Origin: English Period: Victorian Provenance: Unknown Date: c.1870 Height: 8 inches Width: 6.5 inches Box: 11.25 x 9.5 inches
The life size thick plaster moulded death mask of George Stafford Wright (known as Stafford), son of G.T. and Francis Anna Maria Wright, Born on the 13th April 1864, Died 18th January 1870, buried at Kensal Green Cemetery, London is presented in a square hinged pine box.
In original condition the mask does not suffer from any chips or cracks and as such, thankfully, is presented in superb overall order. The boxes lining is tatty but the pine is probably late nineteenth century and was possibly made for the specific housing of the mask. The piece has not got any hooks for wall mounting as such but could be added if so desired.
The Wright family were landowners and owners of Longstone Hall, Derbyshire. They also owned Eyam Hall and its surrounding estate and both these estates have passed through succeeding generations of the Wright family from the 17th century to the present day. The Great Longstone estate passed through six generations of the family, until the childless deaths of Thomas Wright of Great Longstone (1755-1770) and his great-uncle Colonel William Wright (died 1771). In 1771 the entire Great Longstone and Eyam estate was reunited in the hands of John Wright (1700-1780).

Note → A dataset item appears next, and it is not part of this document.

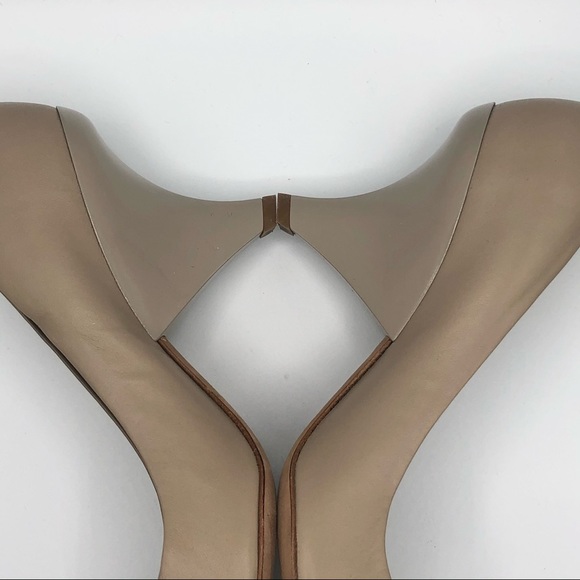 FURLA NUDE PUMPS - Picture 6 of 16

The estate was inherited by John's eldest surviving son Captain Robert Wright (1731-1803) and then by Robert's eldest son John Thomas Wright (died 1838). In the early 19th century the Wright family lands again split between an Eyam branch and the Great Longstone branch. George Thomas Wright of Great Longstone died in 1907 and was succeeded by his son Walter Herbert Wright (1869-1926). Longstone Hall was sold by the family in 1929.

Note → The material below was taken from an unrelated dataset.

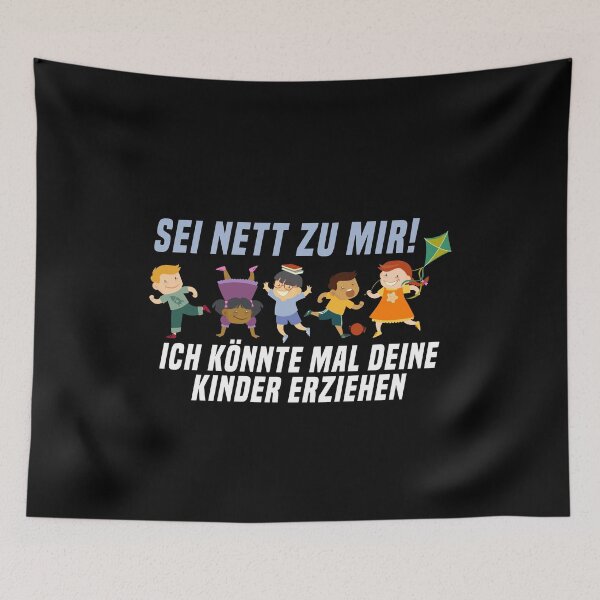 Item preview, I could raise your children educator trainee saying designed and sold by PlatonisDesign.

George Stafford Wright was baptized at Holy Trinity in Paddington, London on the 11th of May, 1864, about a month after his birth on the 13th April 1864. His death at six years old in 1870 must have been a heartbreaking day and we have been unable to understand how and why he died prematurely. The mask shows this calm and serene young man at peace with his memory beautifully upheld.
Death masks are an impression or cast of the face of a deceased person, usually made by oiling the skin and taking a plaster cast of the features, and are the most haunting mementos of the deceased. They have been in existence since the time of Tutankhamun, whose solid gold burial mask is an object of extreme beauty and superstition. Such masks could be used either in a funerary effigy or as a model for a posthumous portrait. It was important that a death mask was made as soon as possible after death so that the character of the deceased was captured before the features started to fall. Infant, child or baby masks are far more scarce than adult examples and this particular mask is similar to the historic death bust of the first baby in the world delivered with the use of ether anaesthetic by James Young Simpson in 1847.
This is a terribly sad but very eminent object in so much as it is of paramount importance to keep this young boys memory alive as was wished when the mask was cast. It represents, arguably, art at its highest level, and as Vincent Van Gogh once said “There is nothing more truly artistic than to love people.”